Phishing attacks are “by far” the most common vector for data breaches, according to a new survey by the UK’s Department for Digital, Culture, Media, and Sport (DCMS).
“Among those that have identified breaches or attacks, around a quarter (27% of these businesses and 23% of these charities) experience them at least once a week,” the report states. “The most common by far are phishing attacks (for 83% and 79% respectively), followed by impersonation (for 27% and 23%). Broadly, these patterns around frequency and threat vectors are in line with the 2020 and 2019 results.”
The DCMS says most respondents observed a noticeable increase in phishing attacks since the beginning of the pandemic.

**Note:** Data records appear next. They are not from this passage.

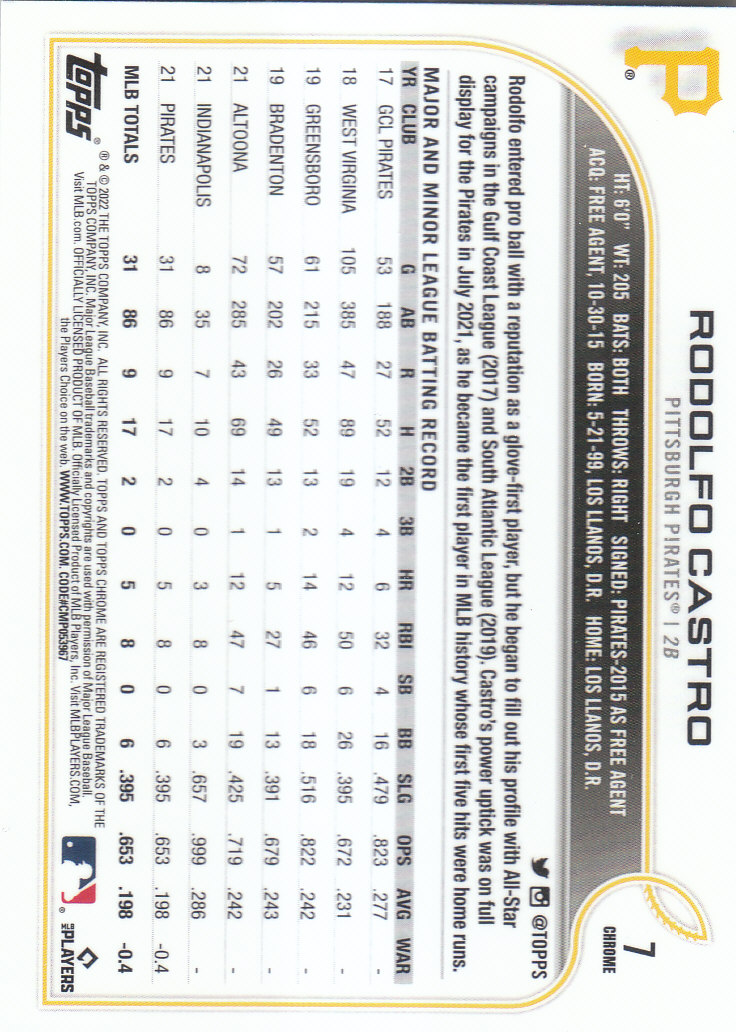 2022 Topps Chrome Baseball "Prism Refractors" Parallel Cards - Picture 5 of 93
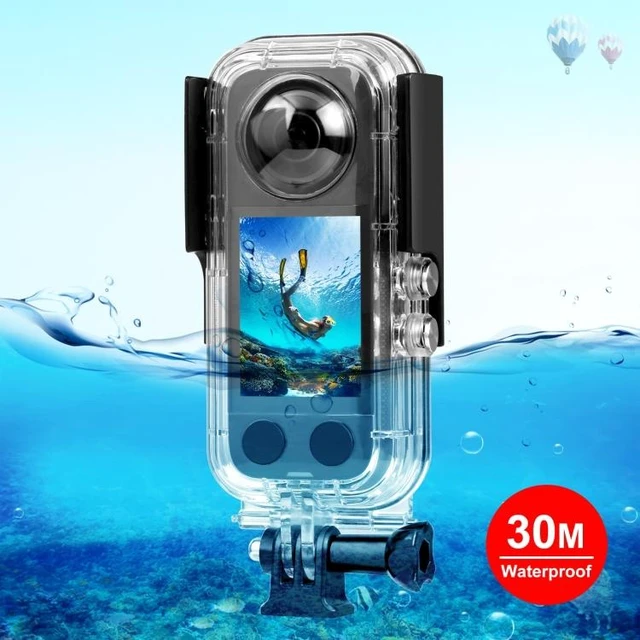Alt view image 8 of 14 - For Insta360 X3 PULUZ 30m Underwater Waterproof Housing Case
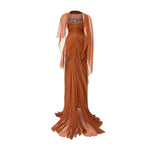 Load image into Gallery viewer, Chiffon Georgette Draped Dress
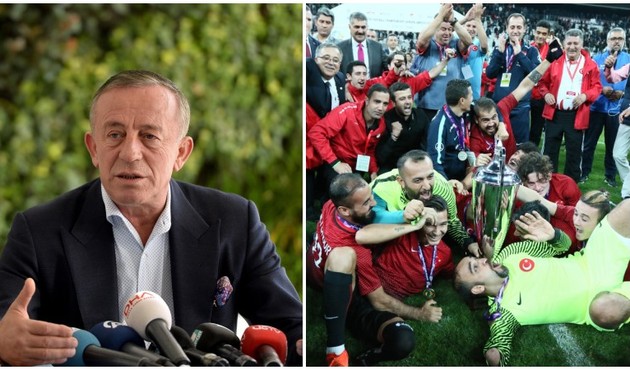 Ali Ağaoğlu’ndan Avrupa Şampiyonu Millilere büyük jest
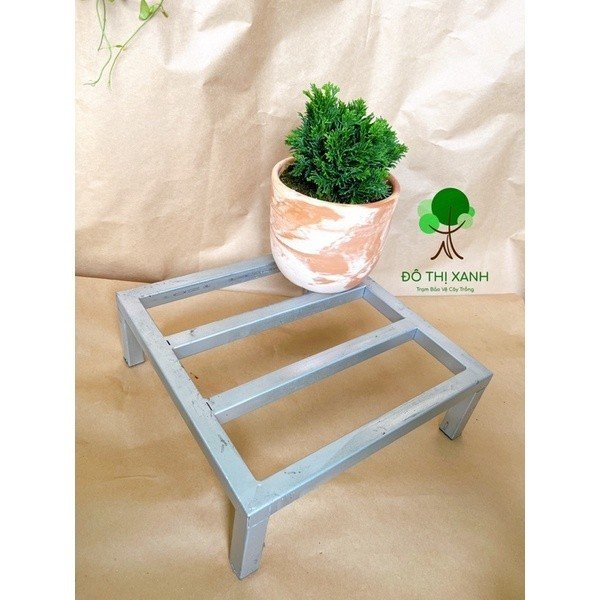 Đôn sắt kê chậu cây đa năng 30*30, dễ quét dọn sàn nhà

“Among the organisations saying cybersecurity had become a higher priority under the pandemic, there were those that said that, in their case, the frequency of attacks had increased since March 2020 – especially phishing attacks,” the report says. “Others giving this response felt their organisations were more exposed to cyber risks now that their staff were working from home, because there were more endpoints to deal with and because they had less oversight of staff outside the office. In some cases where organisations had moved online to a greater extent following the lockdown, management boards had started paying more attention to cybersecurity as a business risk.”

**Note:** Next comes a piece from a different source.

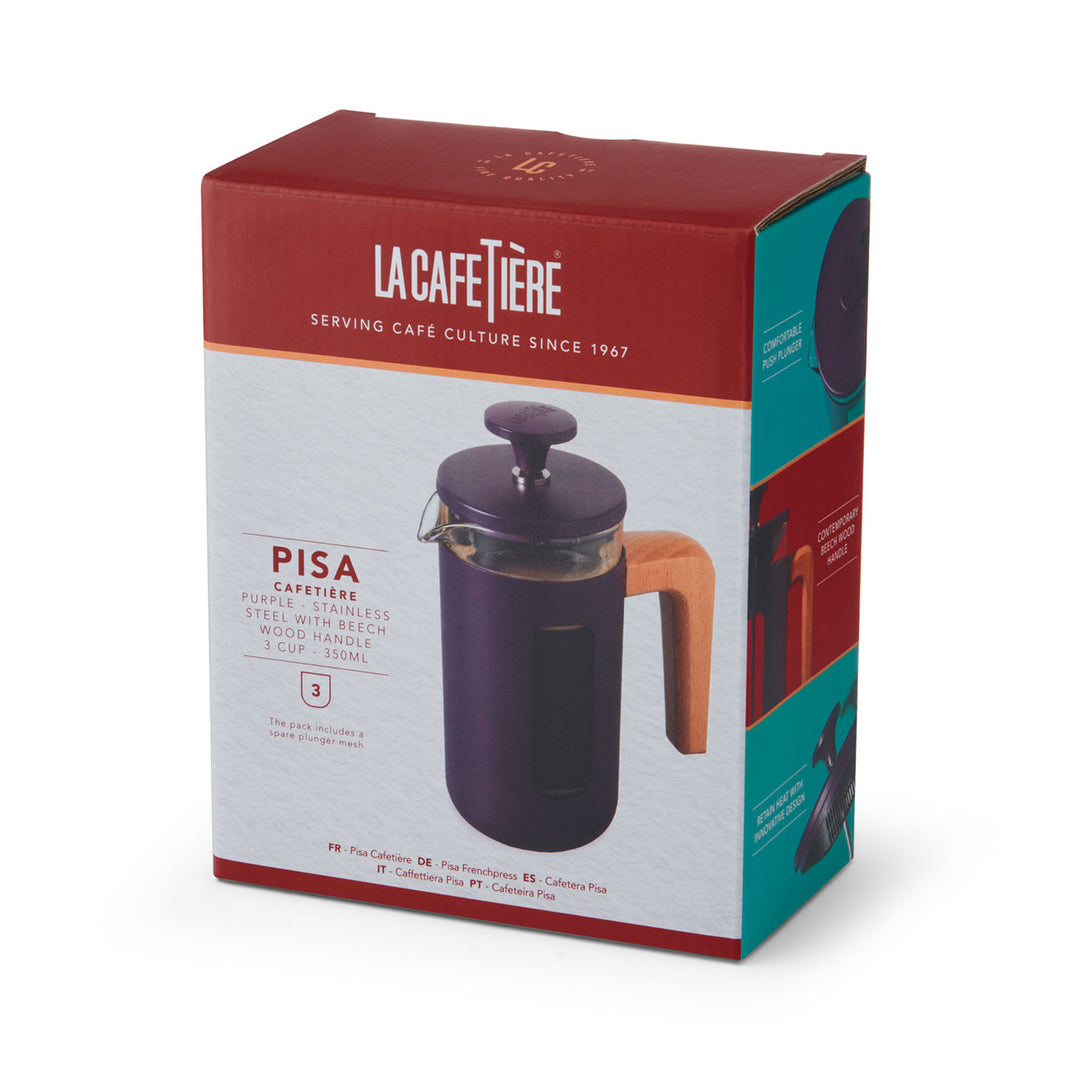 La Cafetiére Pisa Purple Cafetiere - 3 Cup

The report found that only 20% of businesses said they conducted simulated phishing exercises for their employees, although respondents had a favourable view of risk assessments.

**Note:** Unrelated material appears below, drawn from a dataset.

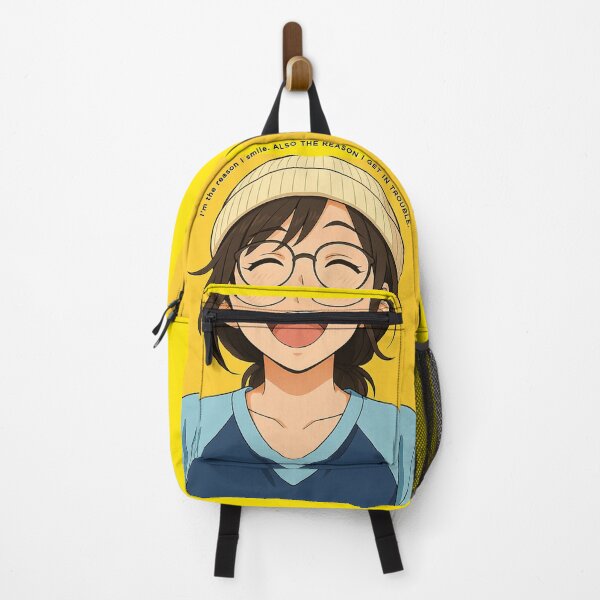 Item preview, I’m the Reason I Smile - Funny Anime Girl Shirt designed and sold by konthai.familyart.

“In addition to their core purpose of identifying key risks, risk assessments are viewed as a good way to produce evidence for management boards, which could be used to justify proposed cybersecurity actions or investment, or to show trends over time and whether things had improved,” the report says. “For example, one medium business carried out a mock phishing exercise as part of their risk assessment – they found that 15 per cent of staff responded to the mock phishing email and presented these findings to the management board. Leading to new user training on phishing emails, as well as other technical rule changes.”